▼▼▼

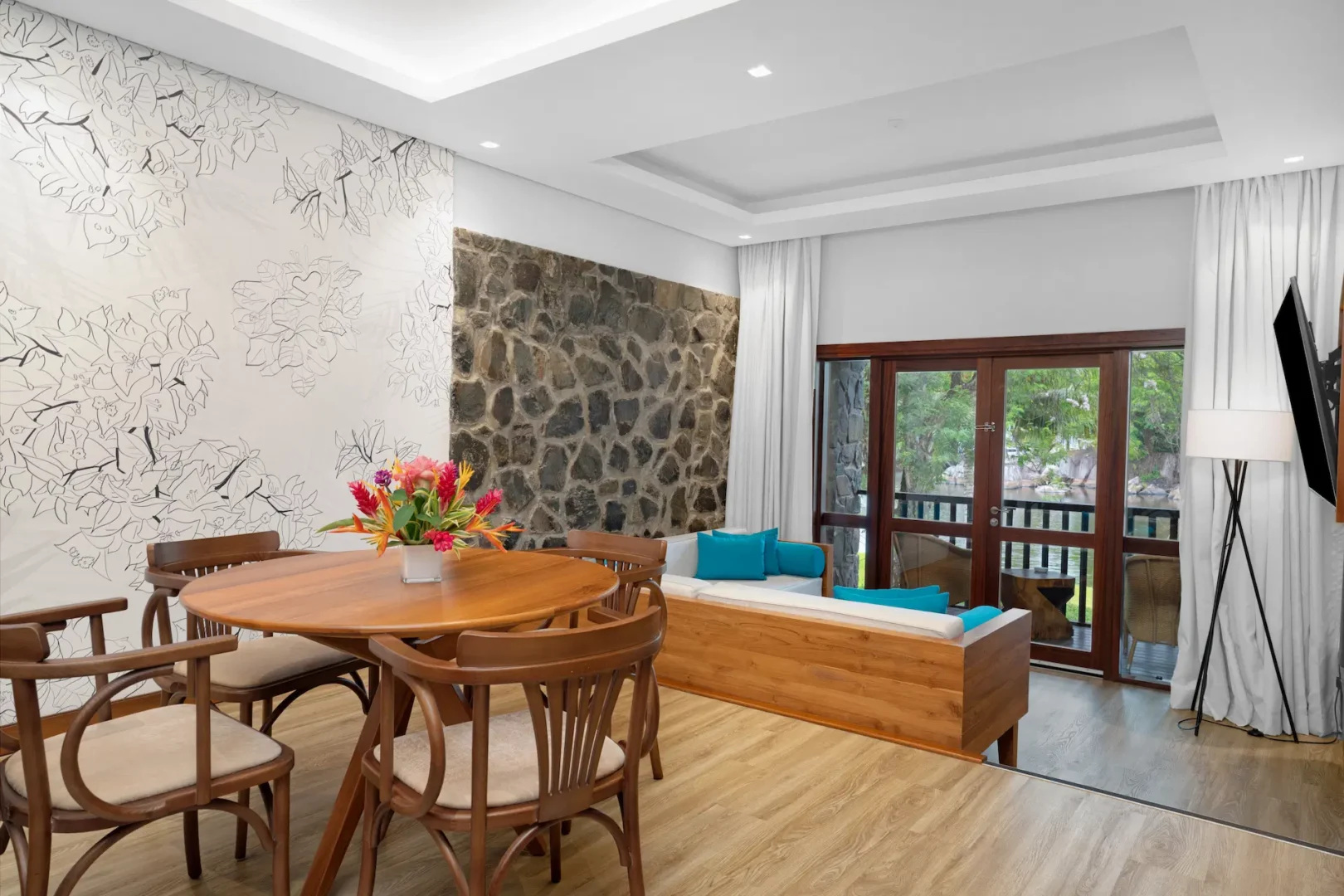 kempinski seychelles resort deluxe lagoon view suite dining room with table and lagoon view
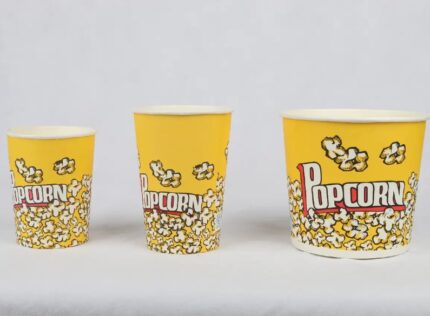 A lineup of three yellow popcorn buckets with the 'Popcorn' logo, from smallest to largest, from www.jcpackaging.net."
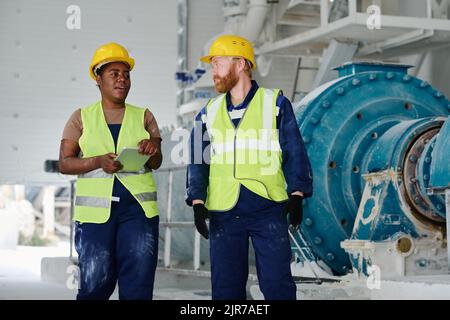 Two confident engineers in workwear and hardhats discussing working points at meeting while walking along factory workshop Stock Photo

▲▲▲

The problem
Write out the data again word for word, minus any images.

Response to this exercise
 kempinski seychelles resort deluxe lagoon view suite dining room with table and lagoon view
 A lineup of three yellow popcorn buckets with the 'Popcorn' logo, from smallest to largest, from www.jcpackaging.net."
 Two confident engineers in workwear and hardhats discussing working points at meeting while walking along factory workshop Stock Photo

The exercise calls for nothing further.